Un instant on a pu croire que la situation était perdue. Si depuis quelques jours cette crise a subi un temps d’arrêt, c’est que l’Allemagne, par une modération et un calme qui ont été une habileté, a su éviter d’enflammer encore plus, les passions nationales au-delà des Pyrénées et que le cabinet de Madrid, après avoir été un moment surpris et débordé, a retrouvé quoique autorité. On a pu s’arrêter sur la redoutable pente où l’Espagne était en train de se précipiter. C’est déjà beaucoup qu’on ait pu gagner du temps et reprendre assez de sang-froid à Madrid pour négocier. La question néanmoins, qu’on ne s’y trompe pas, reste entière avec ses difficultés, d’elle est assez grave pour qu’on ne la complique pas de diversions de fantaisie, d’inventions ridicules en attribuant dans tout cela à la France un rôle qu’elle ne peut avoir. Non, la France n’est pour rien ni dans les manifestations contre l’Allemagne ni dans les agitations contre la monarchie du roi Alphonse, et si on ne croit pas à sa sincérité, qu’on la suppose du moins assez éclairée sur ses intérêts pour ne pas aller se jeter dans des querelles où il n’y aurait pour elle que des dangers.
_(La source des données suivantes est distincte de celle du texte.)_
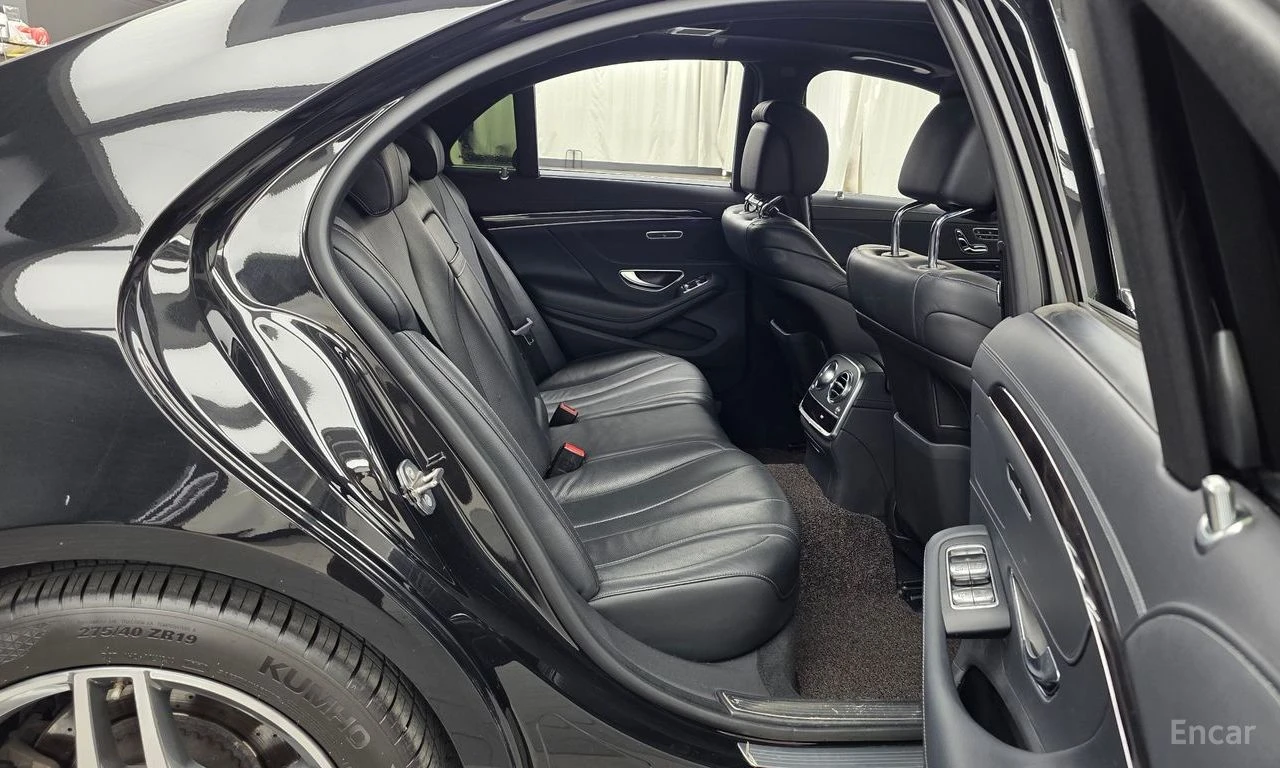 Mercedes-Benz S 350 4MATIC* AMG* LINE* ОБДУХВАНЕ* 360* КАМЕРИ* МАСАЖ* , снимка 10 - Автомобили и джипове - 54611848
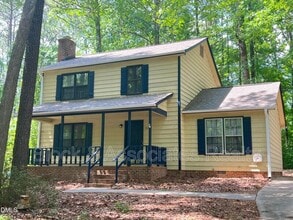 Building Photo - 310 Trappers Run Dr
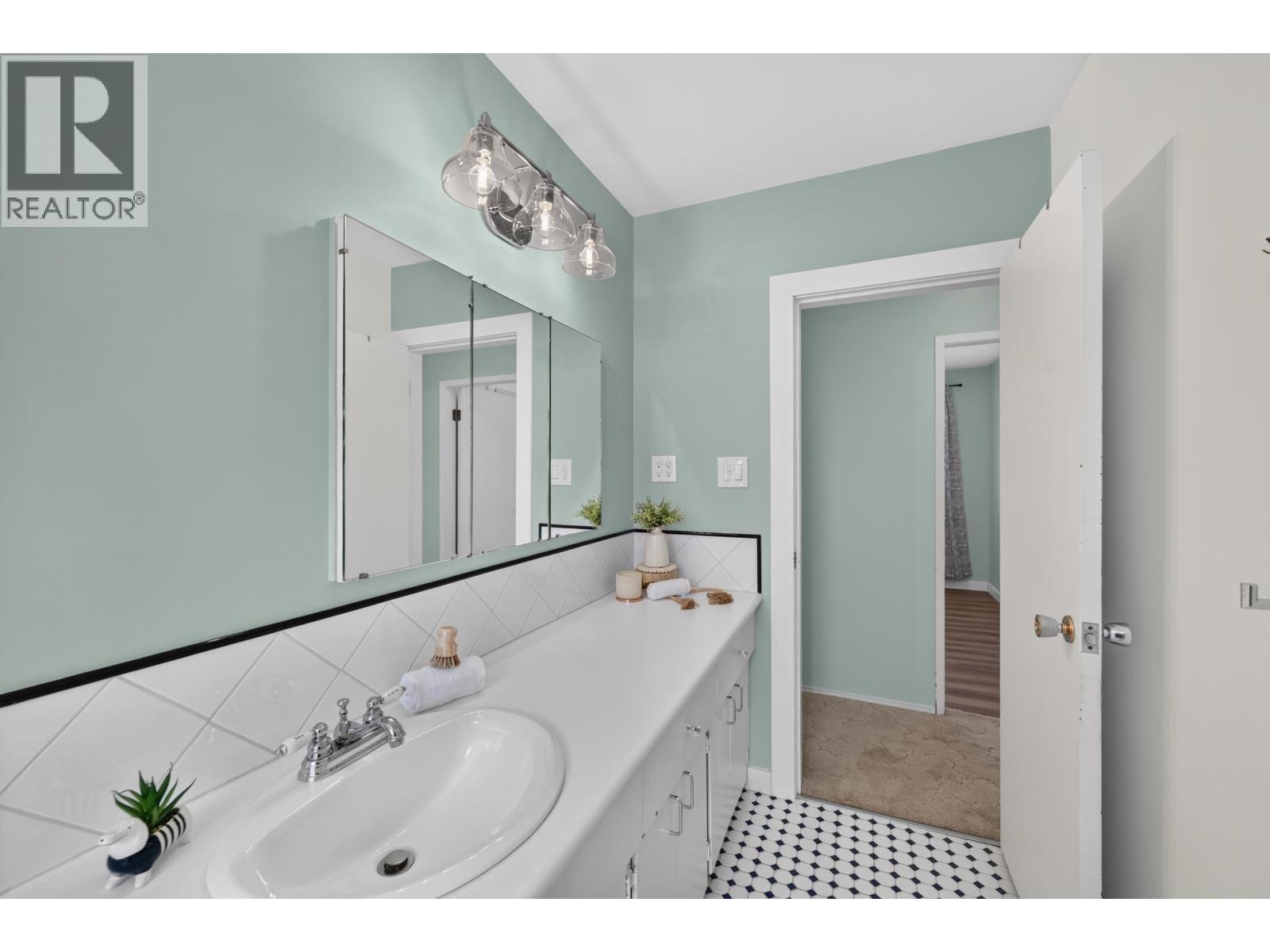 9611 108 AVENUE - Image 20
Ces événemens d’Espagne ont été si soudains, si imprévus, si violons qu’ils ont un peu troublé les têtes ; ils ont ravivé tout à coup le sentiment de l’incertitude de la paix, et comme si ce n’était pas assez de ce duel possible entre deux nations du continent, on s’est hâté aussitôt d’aller aux dernières extrémités, d’imaginer toute sorte de combinaisons, militaires, diplomatiques ou révolutionnaires, embrassant l’Europe et le monde. Peu s’en est fallu qu’on ne vît en un moment tout en combustion et qu’un îlot d’un archipel lointain n’ait paru être une de ces allumettes chimiques dont parlait autrefois lord Palmerston. Heureusement, toutes les allumettes ne mettent pas si vite le feu au monde.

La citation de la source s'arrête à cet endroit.